Das Problem ist, dass eine Bewerbung am 14. November 2013 beim Internationalen Olympischen Komitee (IOC) eingegangen sein muss. Und die sollte möglichst eine Unterstützungsnote der Bundesregierung beinhalten. Doch was, wenn es dann noch gar keine neue gibt? Die Münchner hatten stets betont, die Wahlen in Bayern und im Bund sowie Volksbefragungen in den Ausrichtergemeinden abzuwarten, bevor eine Bewerbung ans IOC geht. Nun beginnt eine Zitterpartie.

»Die Vorbereitungen der Bürgerentscheide werden planmäßig weiter vorangetrieben«, sagt Matthias Kristlbauer, Sprecher der Stadt München, gegenüber »nd«. Schließlich seien die Signale von Landesregierung und Bundesregierung bezüglich einer erneuten Olympiabewerbung stets positiv gewesen. Allerdings waren das die alten Regierungen. Und wer weiß, ob Schwarz-Grün im Bund ohne die Bayerin Claudia Roth als Vorsitzende der Grünen einer Bewerbung noch zustimmt.

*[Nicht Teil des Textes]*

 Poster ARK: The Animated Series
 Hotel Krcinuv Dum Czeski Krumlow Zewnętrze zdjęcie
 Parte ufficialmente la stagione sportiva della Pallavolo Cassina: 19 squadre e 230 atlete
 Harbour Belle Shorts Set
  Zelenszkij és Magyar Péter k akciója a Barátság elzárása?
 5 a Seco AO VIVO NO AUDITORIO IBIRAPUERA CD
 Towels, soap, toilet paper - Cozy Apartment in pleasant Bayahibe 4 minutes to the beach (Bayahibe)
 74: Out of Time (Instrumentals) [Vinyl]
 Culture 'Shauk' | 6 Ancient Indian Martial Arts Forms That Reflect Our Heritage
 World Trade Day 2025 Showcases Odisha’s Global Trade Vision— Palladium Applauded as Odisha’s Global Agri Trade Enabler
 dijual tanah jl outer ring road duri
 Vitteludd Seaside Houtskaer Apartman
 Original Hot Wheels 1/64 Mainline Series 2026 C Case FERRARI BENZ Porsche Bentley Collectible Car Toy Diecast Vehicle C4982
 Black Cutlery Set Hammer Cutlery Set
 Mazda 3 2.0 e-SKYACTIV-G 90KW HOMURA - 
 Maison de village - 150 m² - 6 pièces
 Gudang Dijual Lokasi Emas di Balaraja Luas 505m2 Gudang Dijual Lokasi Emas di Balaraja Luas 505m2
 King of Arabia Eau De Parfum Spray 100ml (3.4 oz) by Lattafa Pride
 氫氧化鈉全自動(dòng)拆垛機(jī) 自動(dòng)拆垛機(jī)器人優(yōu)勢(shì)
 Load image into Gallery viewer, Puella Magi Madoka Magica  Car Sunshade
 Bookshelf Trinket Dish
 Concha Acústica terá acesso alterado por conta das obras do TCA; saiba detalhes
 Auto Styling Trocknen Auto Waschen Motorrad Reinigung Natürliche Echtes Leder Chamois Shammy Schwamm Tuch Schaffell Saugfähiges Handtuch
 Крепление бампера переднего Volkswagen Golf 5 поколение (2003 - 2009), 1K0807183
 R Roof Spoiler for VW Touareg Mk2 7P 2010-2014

Kontinuität der Unterstützung sicher

DOSB-Generaldirektor Michael Vesper ist sich einer Kontinuität der Unterstützung trotzdem sicher. »Wir haben ja noch eine funktionierende Bundesregierung, und es ist davon auszugehen, dass die alte Bundeskanzlerin auch die neue sein wird«, so Vesper. »Angela Merkel und Horst Seehofer haben - übrigens wie Herr Gabriel und Herr Steinbrück von der SPD - bekräftigt, dass sie eine Bewerbung unterstützen wollen, und wir vertrauen auf ihr Wort.«

Über die Haltung seiner Parteikollegen bei den Grünen ist sich Vesper noch nicht sicher. »Manche hatten die Bewerbung 2018 unterstützt, manche kritisiert und manche sogar bekämpft«, erinnert sich Vesper, der jedoch betont, dass man aus der Kritik gelernt habe und auf grüne Forderungen eingegangen sei. »Die Verlegung von Biathlon und Langlauf nach Ruhpolding war eine Forderung von grünen Kritikern.«

Die Regierungsunterstützung ist formal genommen noch nicht nötig für die erste Bewerbungsabgabe. Da reicht ein Interessensbrief. Doch nicht umsonst wurden die Bürgerentscheide vier Tage vor jenem 14. November angesetzt. Dem IOC soll früh ein breiter Rückhalt aller Gremien signalisiert werden. Ein Brief der Bundesregierung wäre sicher gern gesehen.